# I got a taste for sum hot sauce.



## Julie Bunny (May 23, 2008)

One time me silly hoomen put hot sauce on all the baseboards and stuff. OOOOOOOOOOOOOOOOOO I loved it. It was kinda boring before thanks. Anyone of you out there like the hot stuff? The hoter the better. Julie Bunny


----------



## Bo B Bunny (May 23, 2008)

*Dat new hoss dey have in da barn eats dat stuff like it were nanananos. He does dis thing where he bite da stall wood and sucks in air. Day say it calleded cribbing an it like drugs for horsies. Day don't likes it when he do that so Auntie woman puts dat hot stuff on it... he lick it off then do the sucky thing again!
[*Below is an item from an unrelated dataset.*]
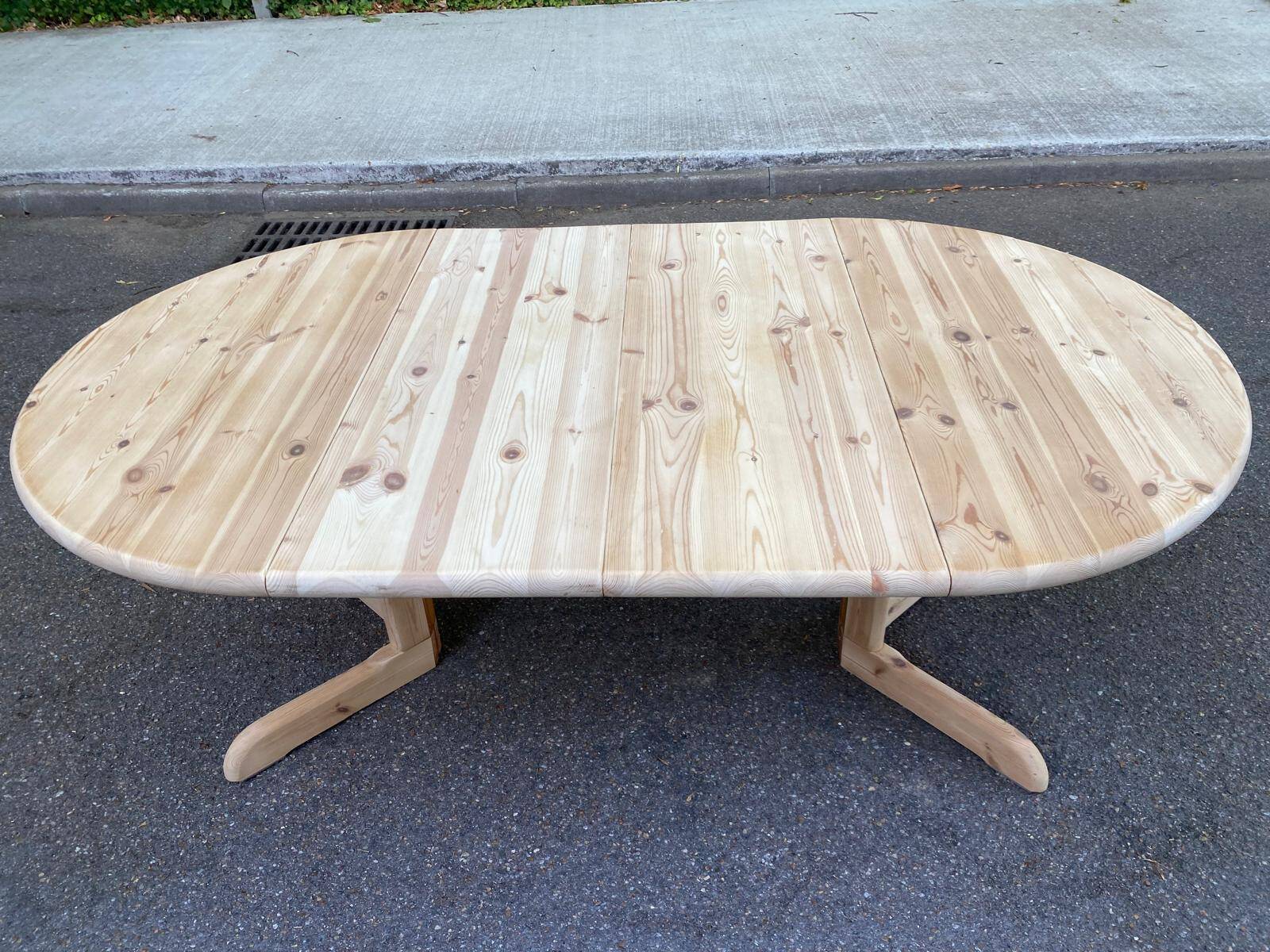 Round stripped extendable dining table in the style of Rainer Daumiller Hirtshals Sa.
HAHA!*

*Cwovabunny*


----------



## bunnytoes (May 23, 2008)

Yah, the hot stuffs goooooooooooooooood. Mommy now puts it on my chew toys sometimes. Yummy! But I aint no hos. Not crazy about hay. Hay is for hoses.


----------



## wabbitmom12 (May 25, 2008)

Hi guyz, Dutchess here. He, He...you don'ts like hay?! :happybunny:Are you sillee or somethin? I thinks you are makin a joke.

And, what is this, buns dat like da hot sauce? I nevwer tried it. But maybe I should....I wonder if dat Mommy would lets me.


----------



## bunnytoes (May 25, 2008)

Hi Dutchess. Me moommy put the hot sauce on stuff she don't wan me to eat. I showed her. The hot stuff is real good. You need to ask you mommy for some. Maybe I will put the hot stuff on the yucky hay.


----------



## bunnytoes (May 26, 2008)

I do eat hay when dah is all tha is but only the long pieces. My mommy she gives all the broken hay to da homelss bunnies and buys me new long hay. It is okay but sure would be goood wit da hot stuff.


----------



## wabbitmom12 (Jun 1, 2008)

*bunnytoes wrote: *


> Hi Dutchess. Me moommy put the hot sauce on stuff she don't wan me to eat. I showed her. The hot stuff is real good. You need to ask you mommy for some. Maybe I will put the hot stuff on the yucky hay.


HA HA on the Mommy!! She shouldn'tna twied to keeps you from eatin whats you wants!!


----------



## Julie Bunny (Jun 2, 2008)

I really love the mint in the gardon. It is yum yum and makes me breath fresh. Mommy loves minty kisses.


----------



## wabbitmom12 (Jun 2, 2008)

OOO, I will have to ask me Mommee to let me twy some of dat. It souns very good! Me Mommee likes minty stuffs, too.

:bunnydance:


----------



## timetowaste (Jun 13, 2008)

dat mommy of yours sounds like my tracy!!! she is crazy like dat toos, specially wit dat bitter apple stuff cause i likes to chew the moldings on the walls!!! and she sprayed dat stuff and i didnt like it but now i smells it and i say YUM YUM and i bolt for it and chew even MORES!!! 

these mommies dese days...dont they know we gonn chew what we wants to!?

Nemo


----------



## Luv-bunniz (Jun 14, 2008)

OOh my mommhy mades me some of the hots 'tuff and put it on the stuff she didn' want meh to chew buh I was like mmmmmmmmm hot suce tastes good! and I chews evewyfing up but then she told me bad and put soap on it and was like ewwww ...soap tastes liek...m....soaps, so I stopped buh now i gets a bitta hots suce when I been good :bambiandthumper


----------